Oliver wanted to tear down most of the prisons and replace them with halfway houses, leaving only the most violent offenders behind bars. Would he make that a crusade if he got elected?
“Eventually. You don't want to scare people off. This kind of thing takes years, decades. It gets done, when the electorate isn't paying attention, by representatives who, as I say, don't appear to be making waves. And it all has to fit into the corset of party discipline. So much power resides in Cabinet now.”
Oliver's calculated, bloodless strategy left Adam feeling chilled. For all that he felt detached from the Feeney campaign, he was disturbed to think that legislative change could happen with so little disclosure.
They reached their assigned neighbourhood after an easy, fifteen-minute walk from the hotel, and agreed to split the area. Usually when he rang the bell or knocked on the door Adam got no answer, and so would leave a flyer in the mailbox: “Sorry we missed you! Your support is important to us. If you have any questions for Don or for the Prime Minister don't hesitate to call. Remember: Don Feeney Gets It Done.” Twice he triggered loud barking, making him feel like a burglar. One man who came to the door swore that he would not vote for “that deadbeat” Don Feeney unless they paid him a million dollars, which was the amount he said Feeney had bilked him out of, back when they were both young salesmen with the same life insurance company and Feeney had tried to convince him to invest ten thousand dollars in a mining project. Something about Feeney was untrustworthy, he said, and so the man had let the opportunity pass. Adam asked why and how not giving Don ten thousand dollars to invest caused the man to lose a million.

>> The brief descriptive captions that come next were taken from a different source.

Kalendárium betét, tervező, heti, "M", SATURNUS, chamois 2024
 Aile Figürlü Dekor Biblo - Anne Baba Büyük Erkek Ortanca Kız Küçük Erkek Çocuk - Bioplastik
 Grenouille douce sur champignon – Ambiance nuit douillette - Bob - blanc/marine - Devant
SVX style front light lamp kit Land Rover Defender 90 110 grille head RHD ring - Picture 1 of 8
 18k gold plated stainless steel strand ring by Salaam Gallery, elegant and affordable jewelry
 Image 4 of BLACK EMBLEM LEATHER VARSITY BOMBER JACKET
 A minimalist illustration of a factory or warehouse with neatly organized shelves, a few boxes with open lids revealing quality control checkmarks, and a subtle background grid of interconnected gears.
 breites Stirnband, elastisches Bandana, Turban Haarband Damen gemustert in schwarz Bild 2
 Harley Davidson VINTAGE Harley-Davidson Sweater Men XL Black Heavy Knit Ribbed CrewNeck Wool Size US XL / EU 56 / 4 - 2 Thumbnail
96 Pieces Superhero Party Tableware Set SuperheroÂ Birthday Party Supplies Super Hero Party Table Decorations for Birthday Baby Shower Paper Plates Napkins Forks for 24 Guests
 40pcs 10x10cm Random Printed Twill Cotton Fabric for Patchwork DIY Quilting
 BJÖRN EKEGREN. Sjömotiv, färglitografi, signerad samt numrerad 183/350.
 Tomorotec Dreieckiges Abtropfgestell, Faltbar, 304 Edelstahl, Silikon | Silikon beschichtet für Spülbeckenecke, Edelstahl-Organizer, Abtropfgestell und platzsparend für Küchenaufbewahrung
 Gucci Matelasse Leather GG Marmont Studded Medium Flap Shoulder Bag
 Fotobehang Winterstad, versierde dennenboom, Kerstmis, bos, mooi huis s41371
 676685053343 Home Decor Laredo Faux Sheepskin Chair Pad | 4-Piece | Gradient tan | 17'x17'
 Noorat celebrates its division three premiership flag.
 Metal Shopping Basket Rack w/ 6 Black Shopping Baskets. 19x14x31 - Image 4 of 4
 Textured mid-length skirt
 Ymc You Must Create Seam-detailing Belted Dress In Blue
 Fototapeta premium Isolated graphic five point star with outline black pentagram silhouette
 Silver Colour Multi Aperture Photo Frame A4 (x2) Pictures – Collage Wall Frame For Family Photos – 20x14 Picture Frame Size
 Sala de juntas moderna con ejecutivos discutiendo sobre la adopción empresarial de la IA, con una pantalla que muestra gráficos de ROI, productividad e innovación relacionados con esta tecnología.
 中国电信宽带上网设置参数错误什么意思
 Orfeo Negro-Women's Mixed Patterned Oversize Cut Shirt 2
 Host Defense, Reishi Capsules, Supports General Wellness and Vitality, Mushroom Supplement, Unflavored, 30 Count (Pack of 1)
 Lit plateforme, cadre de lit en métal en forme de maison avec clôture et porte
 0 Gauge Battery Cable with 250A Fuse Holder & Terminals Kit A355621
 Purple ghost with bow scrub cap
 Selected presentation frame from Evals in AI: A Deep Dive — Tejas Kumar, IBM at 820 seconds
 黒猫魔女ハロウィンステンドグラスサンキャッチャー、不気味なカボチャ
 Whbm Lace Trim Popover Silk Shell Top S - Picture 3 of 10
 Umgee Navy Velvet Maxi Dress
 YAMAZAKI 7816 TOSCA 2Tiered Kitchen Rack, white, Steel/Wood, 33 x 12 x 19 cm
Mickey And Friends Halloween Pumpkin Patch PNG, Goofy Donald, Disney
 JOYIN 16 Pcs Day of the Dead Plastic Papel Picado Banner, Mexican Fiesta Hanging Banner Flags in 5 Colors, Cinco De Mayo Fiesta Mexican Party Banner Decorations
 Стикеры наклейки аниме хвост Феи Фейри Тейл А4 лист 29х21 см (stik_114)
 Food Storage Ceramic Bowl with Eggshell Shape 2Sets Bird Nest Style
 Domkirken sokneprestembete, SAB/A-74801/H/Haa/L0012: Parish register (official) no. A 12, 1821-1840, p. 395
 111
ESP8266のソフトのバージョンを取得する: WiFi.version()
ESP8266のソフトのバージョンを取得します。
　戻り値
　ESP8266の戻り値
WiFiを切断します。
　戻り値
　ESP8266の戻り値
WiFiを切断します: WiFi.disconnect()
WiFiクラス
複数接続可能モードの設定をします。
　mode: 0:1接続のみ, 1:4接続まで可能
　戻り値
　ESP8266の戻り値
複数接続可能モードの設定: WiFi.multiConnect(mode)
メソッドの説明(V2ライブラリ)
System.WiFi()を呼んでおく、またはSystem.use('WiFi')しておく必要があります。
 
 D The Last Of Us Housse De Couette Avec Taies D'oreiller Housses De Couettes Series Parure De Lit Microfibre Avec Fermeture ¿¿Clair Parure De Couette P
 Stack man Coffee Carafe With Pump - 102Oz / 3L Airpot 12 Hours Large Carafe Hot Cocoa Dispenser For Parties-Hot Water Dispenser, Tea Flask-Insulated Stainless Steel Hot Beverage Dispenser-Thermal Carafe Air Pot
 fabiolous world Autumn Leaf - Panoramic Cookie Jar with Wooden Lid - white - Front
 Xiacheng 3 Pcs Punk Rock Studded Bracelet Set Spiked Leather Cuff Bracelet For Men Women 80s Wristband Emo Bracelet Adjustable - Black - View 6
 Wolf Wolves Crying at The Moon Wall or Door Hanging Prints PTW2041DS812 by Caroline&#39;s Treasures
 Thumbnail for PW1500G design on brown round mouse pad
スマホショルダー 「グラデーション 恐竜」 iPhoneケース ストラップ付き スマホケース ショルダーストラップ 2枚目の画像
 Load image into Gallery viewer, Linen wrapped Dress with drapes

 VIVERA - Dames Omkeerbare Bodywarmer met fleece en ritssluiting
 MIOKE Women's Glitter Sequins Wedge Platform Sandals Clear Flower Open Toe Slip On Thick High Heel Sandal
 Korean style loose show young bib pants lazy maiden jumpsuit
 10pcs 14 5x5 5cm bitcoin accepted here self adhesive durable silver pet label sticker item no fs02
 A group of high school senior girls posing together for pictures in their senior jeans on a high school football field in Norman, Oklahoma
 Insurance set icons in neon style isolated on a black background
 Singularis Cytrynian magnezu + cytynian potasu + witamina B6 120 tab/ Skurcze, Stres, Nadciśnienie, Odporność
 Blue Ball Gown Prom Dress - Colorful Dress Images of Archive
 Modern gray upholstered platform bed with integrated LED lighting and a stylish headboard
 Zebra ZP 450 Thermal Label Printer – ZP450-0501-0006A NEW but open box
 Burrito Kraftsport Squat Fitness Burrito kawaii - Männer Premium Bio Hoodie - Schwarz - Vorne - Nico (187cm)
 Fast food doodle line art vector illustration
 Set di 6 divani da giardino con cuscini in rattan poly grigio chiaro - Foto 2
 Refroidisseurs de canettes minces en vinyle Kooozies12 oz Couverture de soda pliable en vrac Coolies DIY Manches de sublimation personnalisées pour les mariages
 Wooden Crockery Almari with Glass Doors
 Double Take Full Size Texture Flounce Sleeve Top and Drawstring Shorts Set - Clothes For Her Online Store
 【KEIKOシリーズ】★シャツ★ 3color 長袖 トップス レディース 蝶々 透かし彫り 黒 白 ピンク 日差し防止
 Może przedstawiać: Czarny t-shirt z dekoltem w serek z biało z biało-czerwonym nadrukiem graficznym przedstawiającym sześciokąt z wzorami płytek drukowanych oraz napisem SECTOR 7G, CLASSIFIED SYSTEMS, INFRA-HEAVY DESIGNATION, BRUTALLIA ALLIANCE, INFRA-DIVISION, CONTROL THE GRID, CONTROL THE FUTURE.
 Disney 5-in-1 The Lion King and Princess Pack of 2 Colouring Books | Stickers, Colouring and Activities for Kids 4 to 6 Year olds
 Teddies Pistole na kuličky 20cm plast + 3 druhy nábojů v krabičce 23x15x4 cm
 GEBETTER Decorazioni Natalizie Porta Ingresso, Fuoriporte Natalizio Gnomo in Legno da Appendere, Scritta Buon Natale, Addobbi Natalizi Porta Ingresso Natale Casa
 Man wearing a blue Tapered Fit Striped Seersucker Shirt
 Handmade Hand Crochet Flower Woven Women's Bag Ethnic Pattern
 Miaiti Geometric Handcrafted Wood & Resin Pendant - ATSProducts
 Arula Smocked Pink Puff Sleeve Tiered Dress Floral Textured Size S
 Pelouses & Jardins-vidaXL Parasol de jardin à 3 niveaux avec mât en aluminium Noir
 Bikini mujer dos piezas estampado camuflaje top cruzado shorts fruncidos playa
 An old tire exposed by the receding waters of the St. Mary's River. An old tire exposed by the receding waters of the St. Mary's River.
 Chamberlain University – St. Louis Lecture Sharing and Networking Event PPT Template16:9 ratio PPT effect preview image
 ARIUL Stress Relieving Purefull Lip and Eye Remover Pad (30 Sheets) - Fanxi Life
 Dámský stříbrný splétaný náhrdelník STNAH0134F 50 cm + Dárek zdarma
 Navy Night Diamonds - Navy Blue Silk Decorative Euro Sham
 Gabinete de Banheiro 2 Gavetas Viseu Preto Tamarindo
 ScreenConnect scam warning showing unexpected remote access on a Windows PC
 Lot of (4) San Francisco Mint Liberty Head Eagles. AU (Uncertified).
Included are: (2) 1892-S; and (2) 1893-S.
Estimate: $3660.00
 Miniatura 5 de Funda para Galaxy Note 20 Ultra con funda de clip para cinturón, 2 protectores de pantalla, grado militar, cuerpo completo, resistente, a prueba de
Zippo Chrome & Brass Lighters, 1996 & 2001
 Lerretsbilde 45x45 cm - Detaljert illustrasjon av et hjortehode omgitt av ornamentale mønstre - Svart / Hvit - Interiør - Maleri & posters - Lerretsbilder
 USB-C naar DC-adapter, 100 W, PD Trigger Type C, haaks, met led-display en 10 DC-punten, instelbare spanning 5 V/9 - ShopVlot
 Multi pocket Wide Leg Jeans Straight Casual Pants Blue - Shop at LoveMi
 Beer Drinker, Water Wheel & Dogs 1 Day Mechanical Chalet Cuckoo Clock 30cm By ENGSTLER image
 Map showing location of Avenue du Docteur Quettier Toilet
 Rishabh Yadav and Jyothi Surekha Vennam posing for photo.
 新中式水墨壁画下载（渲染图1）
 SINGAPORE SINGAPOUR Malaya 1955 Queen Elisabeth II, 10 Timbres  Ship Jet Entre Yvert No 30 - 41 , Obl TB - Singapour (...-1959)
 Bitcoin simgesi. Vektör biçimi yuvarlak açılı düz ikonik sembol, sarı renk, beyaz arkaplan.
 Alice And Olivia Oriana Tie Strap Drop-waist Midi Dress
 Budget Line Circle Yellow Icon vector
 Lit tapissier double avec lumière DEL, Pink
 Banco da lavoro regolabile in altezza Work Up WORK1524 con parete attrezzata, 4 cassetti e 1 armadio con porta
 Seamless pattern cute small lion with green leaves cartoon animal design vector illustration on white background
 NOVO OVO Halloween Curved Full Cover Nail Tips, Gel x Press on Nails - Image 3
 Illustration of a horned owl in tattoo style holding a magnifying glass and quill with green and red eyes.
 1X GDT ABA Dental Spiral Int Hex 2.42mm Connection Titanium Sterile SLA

“You're not listening, you see. If he had been trustworthy, and by that I am referring to the distance between his eyes, which is not wide, you have to admit, I would have given him the money and I would be on Easy Street today. You have heard of Consumption Sound, have you not?” Adam pretended he had. “Well, there you go. Enough said. Projected ore body in the billions and that's conservative. So don't expect a vote out of me, young fellow, not for a mandarin parachutist who would do such a despicable thing to a friend.”